Desta forma, mediante imagens cerebrais do fluxo sanguíneo e imagens de moléculas químicas, confirma-se que os fibromiálgicos têm diferentes alterações em centros do sistema nervoso central relacionados com o processamento da dor, acentuando-se o conceito de que a fibromialgia é uma doença real, verdadeira e do sistema nervoso central"
afirma aquele especialista.

Ainda assim, na investigação dada a conhecer em 2013, pôde ver-se uma baixa circulação sanguínea (hipoperfusão) na parte anterior do lobo temporal esquerdo, fundamental no mecanismo de controle das emoções.

Conscientes das limitações do seu trabalho, como o baixo número de pacientes estudados e a falta de equilíbrio entre os participantes saudáveis e os doentes, os investigadores sublinham o valor dos dados apresentados.

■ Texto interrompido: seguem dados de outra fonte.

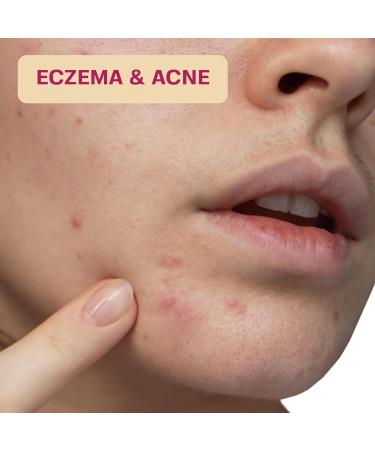 BASE LABORATORIES Hypochlorous Acid Wipes - Saline Solution Skin & Face Cleansing Wipes | Soothes Irritations Acne & Eczema | 75 Wipes Pack - Buy Online on GoSupps.com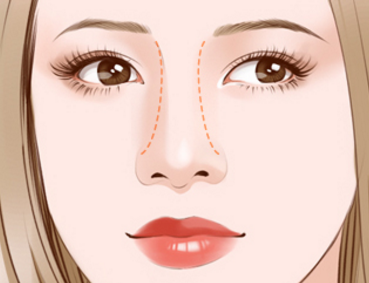 假體隆鼻術(shù)后的恢復期影響正常工作嗎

"As anormalidades no fluxo cerebral dos pacientes com fibromialgia não dependem da ansiedade e da depressão e estão relacionadas com a severidade clínica da doença", apontam.

Dr. Eric Guedj


Um dos autores, Eric Guedj, sustém que "a fibromialgia pode estar relacionada com uma disfunção global no processamento cerebral da dor". Conclui que o seu trabalho "reforça a ideia de que se trata de um transtorno ou doença real".